Arriviamo così alla guerra di religione in corso. Mercato del lavoro? Orrore. Noi formiamo giovani intellettuali, non ingranaggi da inserire nella macchina neo liberista (bla, bla, bla) che produce profitto (ahi!). In altre parole, in un sistema dove ognuno è Michel Foucault, si formano altri membri del Collège de France universale, mica gente che ha bisogno di lavorare per vivere. E qui veniamo davvero al dunque.

5. Per una sequela di ragioni storiche e culturali, in Italia i docenti universitari provengono per la gran parte dall’alta borghesia, se non dalle famiglie di gran casato. Quando occorre rimanere per una decina d’anni senza stipendio per dare corpo ai logoranti rituali d’abiezione richiesti ai neofiti per ottenere l’accesso all’illicenziabilità, è ovvio che solo chi non ha bisogno di guadagnare per vivere può permettersi la libera docenza.

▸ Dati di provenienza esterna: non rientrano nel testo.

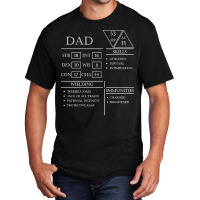 Dad Stats Character Sheet White Basic T-shirt | Artistshot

Questa è la cosa più pericolosa dall’attuale sistema, che un paese democratico non dovrebbe tollerare: un sistema in cui solo gli strati più conservatori (in senso tecnico) formano nuova classe dirigente. E in effetti, si vedono già i primi passi che vorrebbero introdurre ad ogni passo valutazioni effettive, come per esempio l’inserimento del ricercatore a tempo determinato come primo gradino d’accesso al sistema e l’introduzione di verifiche di breve e medio termine. Solo dopo varie prove si capirà se la persona può essere assunta a tempo indeterminato.

Ma il sottofinanziamento e la connaturata tendenza italiana a manomettere le regole del gioco sembra aver già svuotato questa riforma, tanto che oggi, come ieri, rimane una sola cosa da fare a chi è veramente bravo e vuole realizzare qualcosa di utile alla società oltre che se stesso. Andarsene dall’Italia, magari al Collège de France, ma per merito. Non per ignavia.